Directions » Could the data below please be reproduced word for word, without the pictures?

Records for processing »
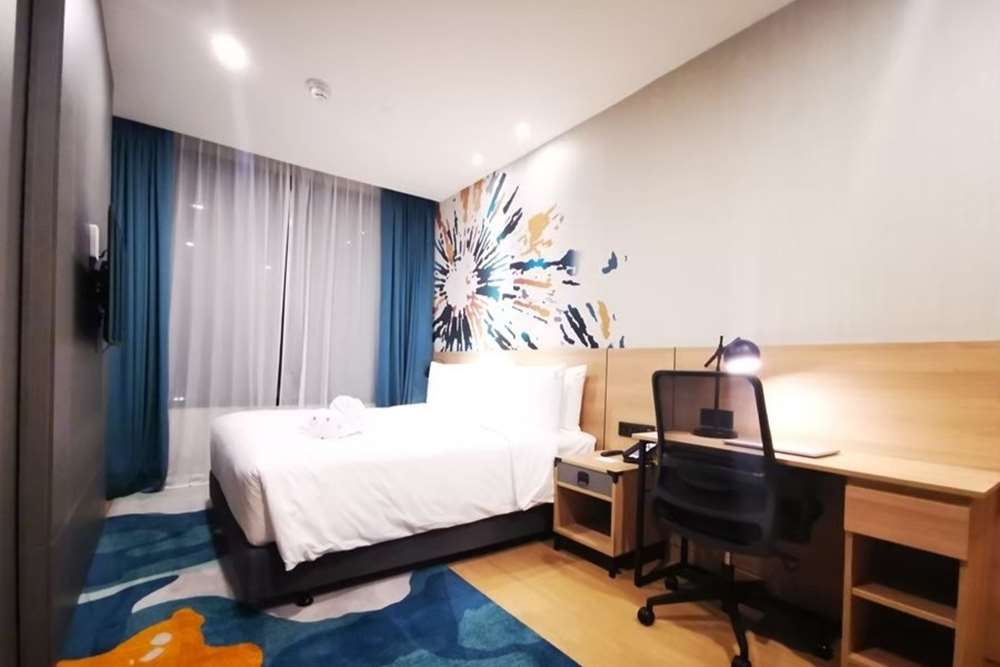 For RentHouseSriracha Laem Chabang Ban Bueng : Welcome to Holiday Inn & Suites Hotel Siracha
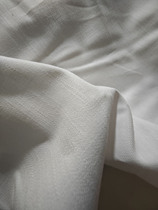 Cotton linen ramie pure cotton fabrics are suitable for blue dyeing batik printing tie dyeing plant dyeing easy coloring and good color fixation.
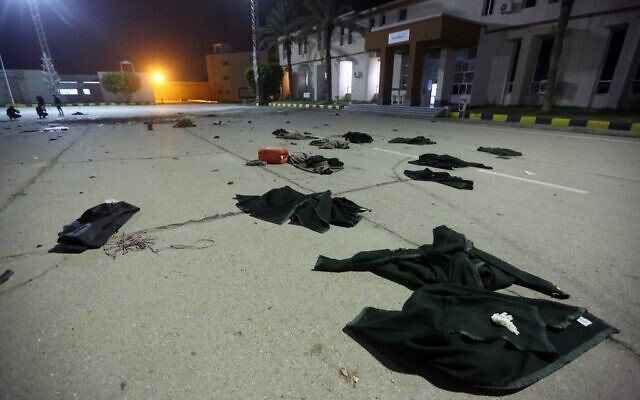 On peut voir les dégâts et les vêtements au sol après une frappe aérienne qui eu lieu plus tôt dans la journée contre une collège militaire dans la région d'Al-Hadaba dans la capitale Tripoli, le 4 janvier 2020. (Photo par Mahmud TURKIA / AFP) On peut voir les dégâts et les vêtements au sol après une frappe aérienne qui eu lieu plus tôt dans la journée contre une collège militaire dans la région d'Al-Hadaba dans la capitale Tripoli, le 4 janvier 2020. (Photo par Mahmud TURKIA / AFP)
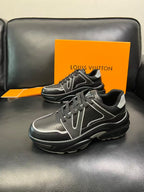 Louis Vuitton - LV Archlight Sneakers - Black with White Trim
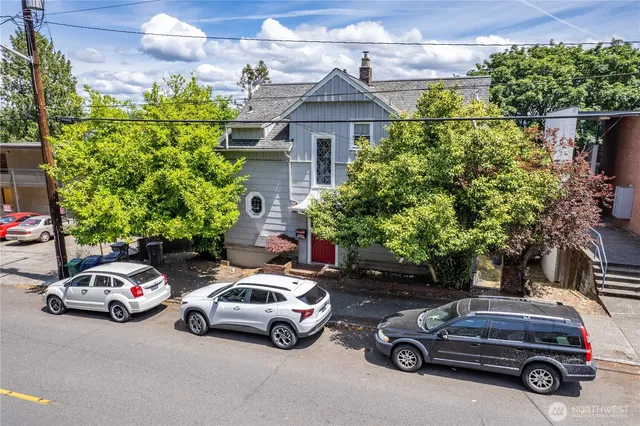 $1,250,000 | 4710 22nd Avenue Northeast, Seattle, WA 98105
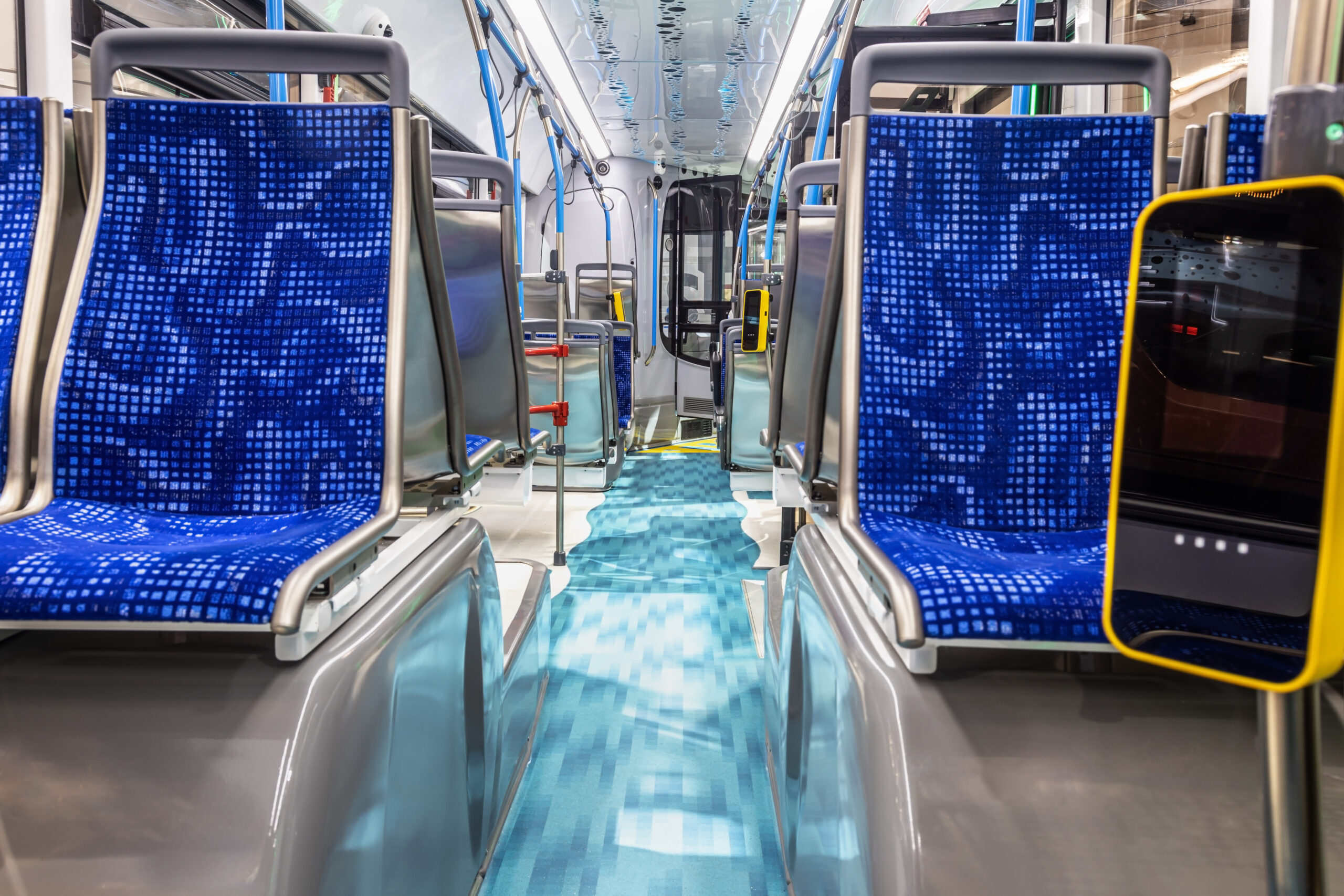 Interiorul unui autobuz alimentat cu hidrogen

Exercise output »
 For RentHouseSriracha Laem Chabang Ban Bueng : Welcome to Holiday Inn & Suites Hotel Siracha
 Cotton linen ramie pure cotton fabrics are suitable for blue dyeing batik printing tie dyeing plant dyeing easy coloring and good color fixation.
 On peut voir les dégâts et les vêtements au sol après une frappe aérienne qui eu lieu plus tôt dans la journée contre une collège militaire dans la région d'Al-Hadaba dans la capitale Tripoli, le 4 janvier 2020. (Photo par Mahmud TURKIA / AFP) On peut voir les dégâts et les vêtements au sol après une frappe aérienne qui eu lieu plus tôt dans la journée contre une collège militaire dans la région d'Al-Hadaba dans la capitale Tripoli, le 4 janvier 2020. (Photo par Mahmud TURKIA / AFP)
 Louis Vuitton - LV Archlight Sneakers - Black with White Trim
 $1,250,000 | 4710 22nd Avenue Northeast, Seattle, WA 98105
 Interiorul unui autobuz alimentat cu hidrogen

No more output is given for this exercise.